Sara Keating, for The Irish Times, recently wrote a fantastic piece on the background to some of the props in the current production of The Plough and The Stars at the Abbey. You’re only a click away if you want to read it.
One of the props dealt with was the pram belonging to Mrs. Gogan. She discussed the pram with prop maker Eimear Murphy.

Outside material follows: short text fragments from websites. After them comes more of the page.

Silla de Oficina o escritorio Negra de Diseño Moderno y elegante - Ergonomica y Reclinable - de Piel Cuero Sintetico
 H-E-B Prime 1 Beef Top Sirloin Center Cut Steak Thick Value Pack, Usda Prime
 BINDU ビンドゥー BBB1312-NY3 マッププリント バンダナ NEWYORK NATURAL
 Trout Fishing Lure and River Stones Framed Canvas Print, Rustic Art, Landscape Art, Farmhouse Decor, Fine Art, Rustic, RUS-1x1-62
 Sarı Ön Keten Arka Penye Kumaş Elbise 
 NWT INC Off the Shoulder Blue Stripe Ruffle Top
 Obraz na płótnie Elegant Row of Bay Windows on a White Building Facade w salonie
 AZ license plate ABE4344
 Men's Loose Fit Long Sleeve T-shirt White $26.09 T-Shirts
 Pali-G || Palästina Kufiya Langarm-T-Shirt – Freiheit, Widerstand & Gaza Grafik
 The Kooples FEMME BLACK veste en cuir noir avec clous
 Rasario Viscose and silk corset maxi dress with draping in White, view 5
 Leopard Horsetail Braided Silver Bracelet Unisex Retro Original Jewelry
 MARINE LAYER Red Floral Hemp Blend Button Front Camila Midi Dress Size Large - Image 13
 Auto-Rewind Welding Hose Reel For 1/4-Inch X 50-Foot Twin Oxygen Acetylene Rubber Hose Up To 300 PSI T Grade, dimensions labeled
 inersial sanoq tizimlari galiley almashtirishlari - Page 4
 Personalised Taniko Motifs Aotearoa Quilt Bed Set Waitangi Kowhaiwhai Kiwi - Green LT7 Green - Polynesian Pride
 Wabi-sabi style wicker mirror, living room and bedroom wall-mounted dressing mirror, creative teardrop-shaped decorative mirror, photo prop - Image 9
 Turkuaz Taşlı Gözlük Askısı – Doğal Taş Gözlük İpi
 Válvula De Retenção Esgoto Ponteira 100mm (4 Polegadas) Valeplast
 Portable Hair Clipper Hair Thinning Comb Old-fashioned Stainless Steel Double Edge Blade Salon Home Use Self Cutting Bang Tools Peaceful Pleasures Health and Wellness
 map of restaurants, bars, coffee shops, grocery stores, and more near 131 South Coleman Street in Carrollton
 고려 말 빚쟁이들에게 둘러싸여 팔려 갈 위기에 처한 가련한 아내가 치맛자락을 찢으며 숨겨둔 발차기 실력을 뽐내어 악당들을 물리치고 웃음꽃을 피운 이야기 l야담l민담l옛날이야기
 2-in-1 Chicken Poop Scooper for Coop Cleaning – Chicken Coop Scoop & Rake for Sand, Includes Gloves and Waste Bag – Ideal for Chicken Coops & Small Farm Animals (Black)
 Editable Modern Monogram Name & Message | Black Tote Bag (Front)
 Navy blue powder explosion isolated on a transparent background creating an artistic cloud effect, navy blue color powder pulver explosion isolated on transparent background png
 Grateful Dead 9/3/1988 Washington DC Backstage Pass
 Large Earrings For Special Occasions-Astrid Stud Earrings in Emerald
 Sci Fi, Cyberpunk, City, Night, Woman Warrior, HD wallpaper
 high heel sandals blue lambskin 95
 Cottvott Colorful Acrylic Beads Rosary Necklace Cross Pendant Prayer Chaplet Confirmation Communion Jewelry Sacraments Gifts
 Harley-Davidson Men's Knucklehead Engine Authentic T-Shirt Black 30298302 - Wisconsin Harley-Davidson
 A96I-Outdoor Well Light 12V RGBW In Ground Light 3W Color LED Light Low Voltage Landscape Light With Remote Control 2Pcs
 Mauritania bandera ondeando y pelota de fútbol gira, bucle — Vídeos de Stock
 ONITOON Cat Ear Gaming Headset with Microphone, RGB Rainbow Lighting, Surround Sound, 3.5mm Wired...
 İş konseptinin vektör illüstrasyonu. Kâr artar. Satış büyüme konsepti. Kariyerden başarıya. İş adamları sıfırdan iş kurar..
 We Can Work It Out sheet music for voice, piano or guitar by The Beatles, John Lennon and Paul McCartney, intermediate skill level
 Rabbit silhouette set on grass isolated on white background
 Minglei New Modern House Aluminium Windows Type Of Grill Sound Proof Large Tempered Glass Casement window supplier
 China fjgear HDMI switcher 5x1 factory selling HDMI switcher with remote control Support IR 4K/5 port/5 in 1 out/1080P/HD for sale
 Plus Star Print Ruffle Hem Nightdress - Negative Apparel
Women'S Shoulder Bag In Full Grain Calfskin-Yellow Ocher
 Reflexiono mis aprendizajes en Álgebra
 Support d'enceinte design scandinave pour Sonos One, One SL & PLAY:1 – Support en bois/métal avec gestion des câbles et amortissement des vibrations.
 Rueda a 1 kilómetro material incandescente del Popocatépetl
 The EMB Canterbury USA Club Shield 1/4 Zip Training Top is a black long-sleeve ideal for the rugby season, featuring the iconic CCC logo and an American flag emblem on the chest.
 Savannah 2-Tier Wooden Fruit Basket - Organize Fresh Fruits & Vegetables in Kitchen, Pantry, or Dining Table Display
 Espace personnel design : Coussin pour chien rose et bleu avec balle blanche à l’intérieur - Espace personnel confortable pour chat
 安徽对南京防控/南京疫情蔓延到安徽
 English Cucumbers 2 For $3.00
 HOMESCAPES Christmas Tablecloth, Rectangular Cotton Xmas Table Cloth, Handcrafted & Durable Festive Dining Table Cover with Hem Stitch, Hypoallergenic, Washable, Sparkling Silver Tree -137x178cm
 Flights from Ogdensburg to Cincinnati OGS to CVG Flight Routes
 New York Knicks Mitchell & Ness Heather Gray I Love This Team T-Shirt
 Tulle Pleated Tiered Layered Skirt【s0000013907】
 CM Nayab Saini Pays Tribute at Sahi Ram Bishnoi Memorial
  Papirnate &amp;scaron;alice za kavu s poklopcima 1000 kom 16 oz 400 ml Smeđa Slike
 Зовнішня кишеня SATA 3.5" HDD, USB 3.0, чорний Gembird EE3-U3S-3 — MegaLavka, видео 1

The pram being used for the looting in Act Three is one of the oldest props at the Abbey. An original Victorian pram, it was used in the very first production of the play and every production since. Over 100 years old, it is in a delicate state; “one of the wheels is just taped on at this stage”, Murphy says. It was also badly damaged in the fire of 1951, so that while the frame of the pram is original, its casing isn’t. With its delicate frame and unique wooden handles it is totally authentic, and has been especially reserved over the years for The Plough and the Stars
The fire? Well, on July 18 1951 a fire ripped the home of the Abbey apart.The great history of the Dublin Fire Brigade compiled by Tom Geraghty and Trevor Whitehead noted that in was the busiest night of the year for the Brigade, with nine crews fighting the blaze.
What had been the former Mechanic’s Institute and City Morgue was just a gaunt dangerous skeleton festooned with The Plough and the Stars posters, and the ghost of Yeats was left to haunt an eerie smoke-filled chamber.
Flann O’ Brien (Or eh…Myles na gCopaleen) dealt with the fire in his excellent Cruiskeen Lawn column on July 25, 1951. Writing about plans to stage some major plays in the Peacock, he quipped that.
At the moment the company purports to be playing The Plough and the Stars in the Peacock. Why not Juno in the Peacock?
Or why not Autumn Fire?
No, I’m probably wrong- The Plough is probably the right play. After all, it brought the house down.
Excellent.
The photograph below is a gem, showing Fireman Frank Brennan salvaging the above mentioned pram from the ruins of the Abbey.
Thanks are due to the Dublin Fire Brigade Museum for the use of the image. What survived of the pram can be seen on stage in the current run of the O’ Casey play.